Intervention de Isabelle Sourbès-Verger

Délégation sénatoriale à la prospective — Réunion du 3 novembre 2022 à 8h35
Audition sur l'exploitation des ressources de la lune

Isabelle Sourbès-Verger, géographe, directrice de recherche au Centre national de la recherche scientifique (CNRS) :

La question de l'occupation de l'espace est entrée depuis peu dans les préoccupations des chercheurs en sciences humaines et sociales. Je suis d'ailleurs la seule géographe à travailler sur ce sujet en France, ce qui, vu mon âge, n'est pas sans m'inquiéter pour l'avenir.

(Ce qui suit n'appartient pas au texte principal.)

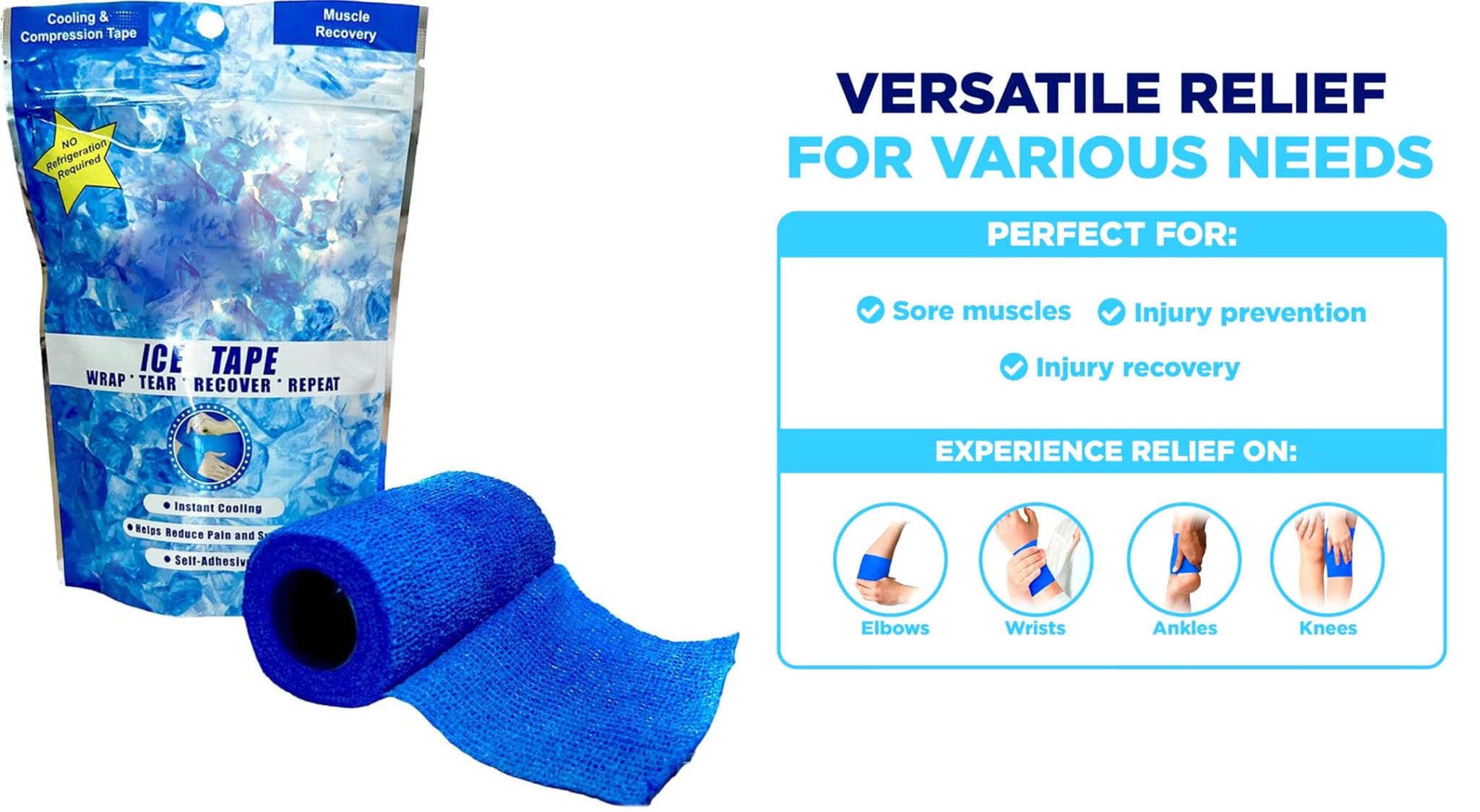 Ice Tape: Compression and Cold Therapy for Injury Relief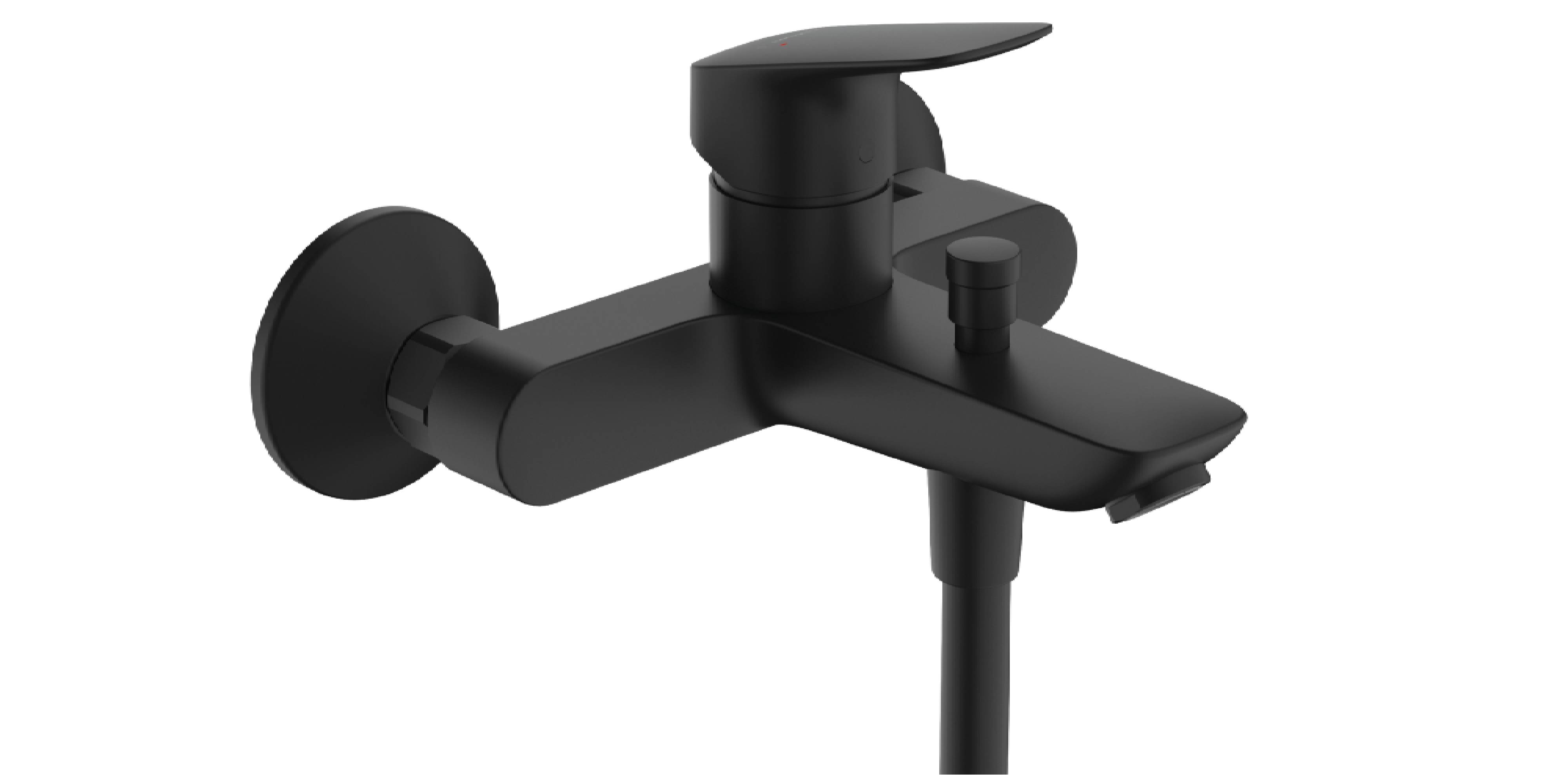 Darmowa Dostawa - Bateria wannowo-prysznicowa ścienna czarna Hansgrohe Logis 71401670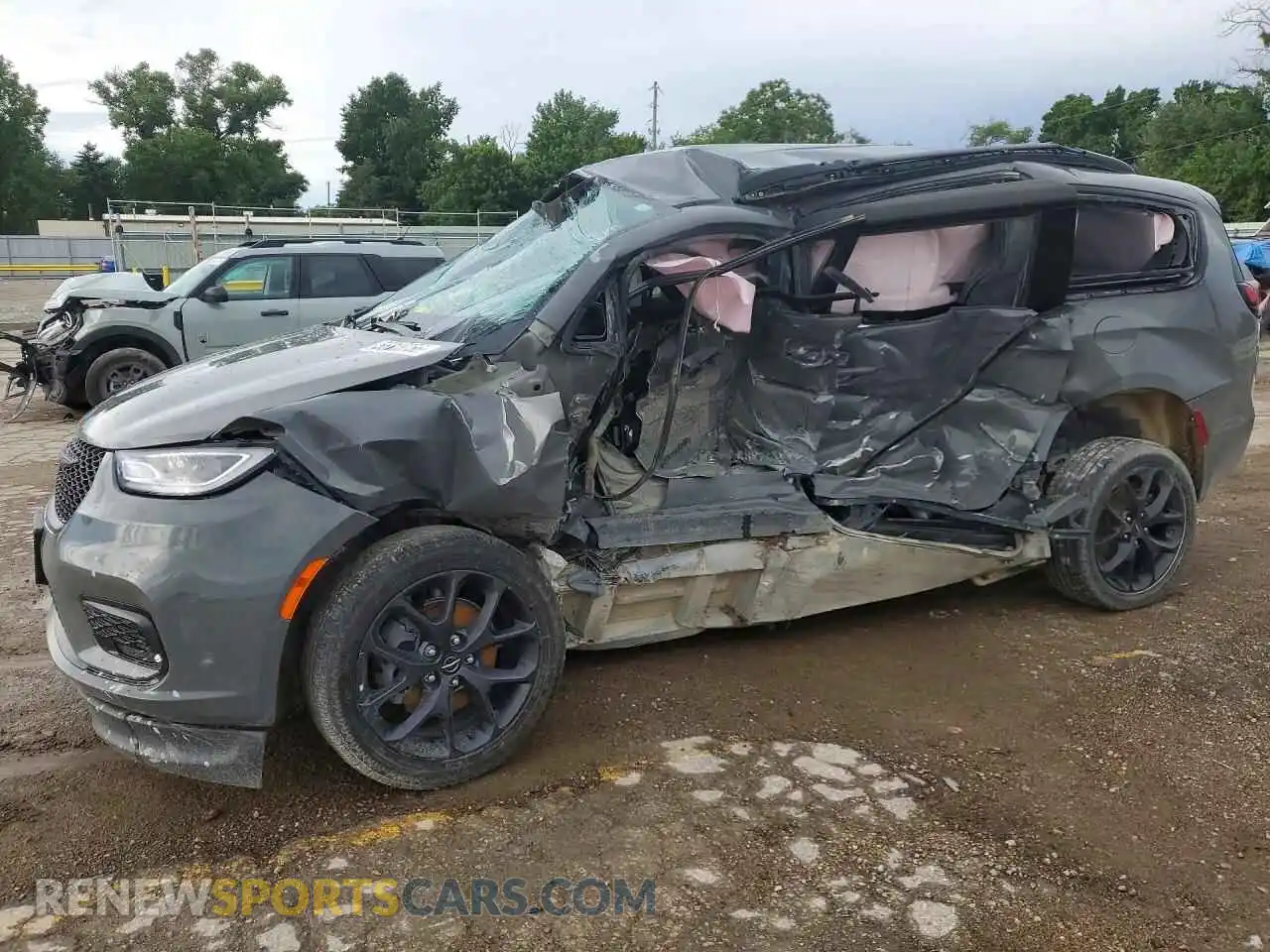 1 Photograph of a damaged car 2C4RC1BG1NR219206 CHRYSLER PACIFICA 2022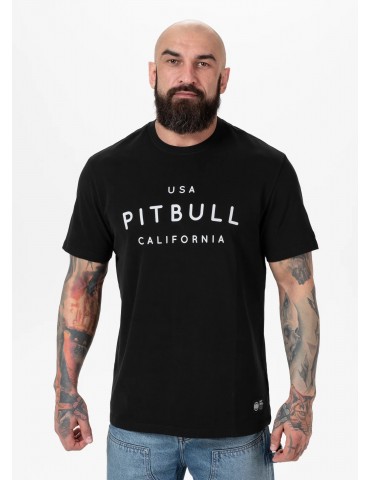 T-shirt Pitbull West Coast USA Cal black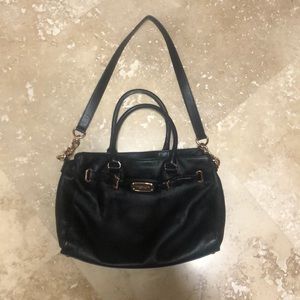 Michael Kors Black leather purse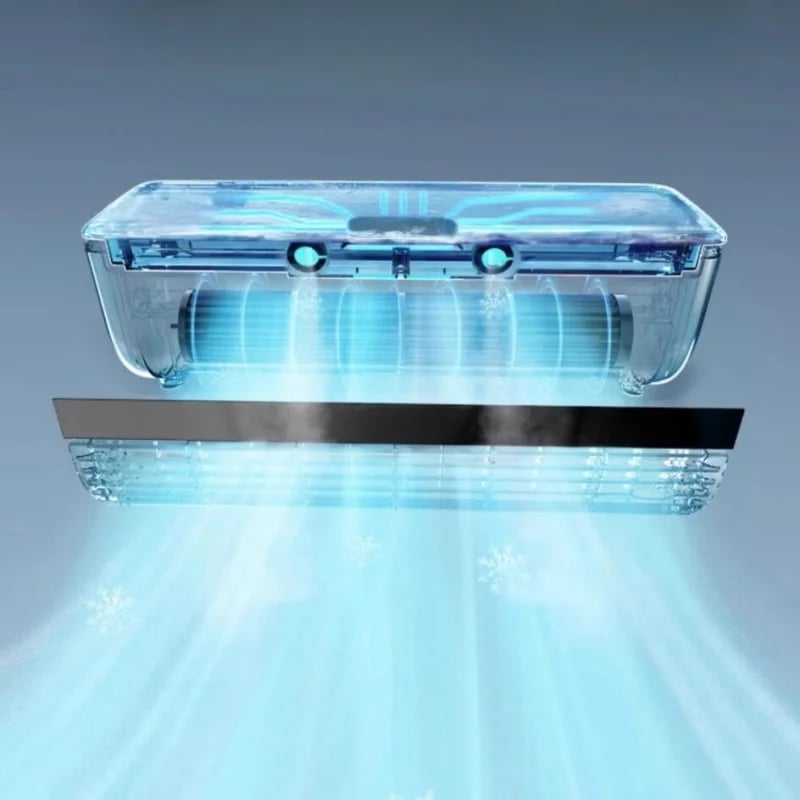 Wirelessly Rechargeable Air Conditioning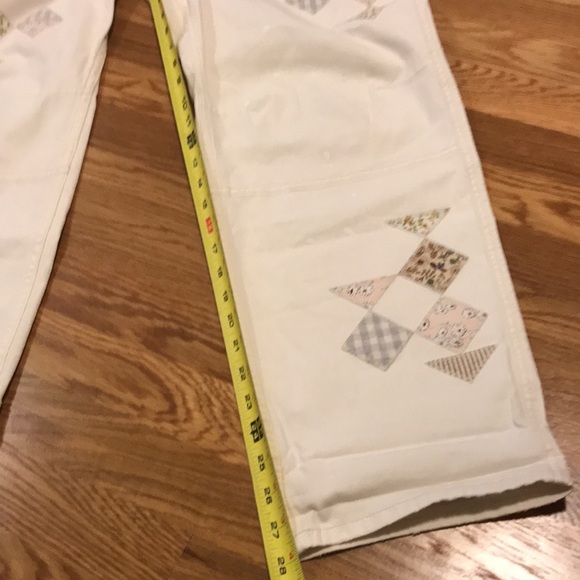NWT Anthropologie Pilcro the Wanderer Relaxed Patchwork Size 29 or 31 Last pair! - Picture 10 of 17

La question des ressources de l'espace a été tenue à l'écart parce que la géographie c'est en principe l'analyse de la Terre, Gê, mais il suffit de s'intéresser à l'orbite basse pour constater que des activités humaines sortent de l'enveloppe terrestre, notamment grâce à des engins artificiels non habités. On se souviendra que dès 1956, soit avant le lancement du premier Spoutnik, le géographe Jean Gottman affirmait qu'il y aura nécessairement une géographie de l'espace, puisque l'homme a une propension à se saisir de tous les milieux et à y installer une compétition économique et géopolitique, et cela à partir du point d'ancrage qu'est la Lune, le seul point où l'on pouvait alors se projeter pour y envisager une activité pérenne.

Pour mémoire, la première photo de la face cachée de la Lune, en 1959, est une photo soviétique. Lorsque Neil Armstrong pose le pied sur la Lune en 1969 et plante le drapeau américain, en faisant accomplir « un pas de géant pour l'humanité », cela marque le fait que les États-Unis appréhendent cet astre comme une nouvelle frontière, car leur expansion dans l'espace leur semble naturelle. La vision actuelle de la Lune, sous la forme de la carte américano-japonaise Unified Geologic Map of the Moon de 2020 qui répertorie toutes les ressources géologiques de la Lune, prépare évidemment une exploitation de ses ressources minières. Reste à savoir à quel coût il sera possible de forer, et si ce sera rentable.

Une photo de la Terre en arrière-plan prise en 2014 depuis l'orbite de la Lune par la mission chinoise Chang'e ravive la prise de conscience, qu'avaient permise les missions Apollo, de la nécessité de la préservation écologique du « vaisseau Terre ». Cette dimension concerne aussi la Lune, à 400 000 kilomètres de nous, aussi inhospitalière soit-elle.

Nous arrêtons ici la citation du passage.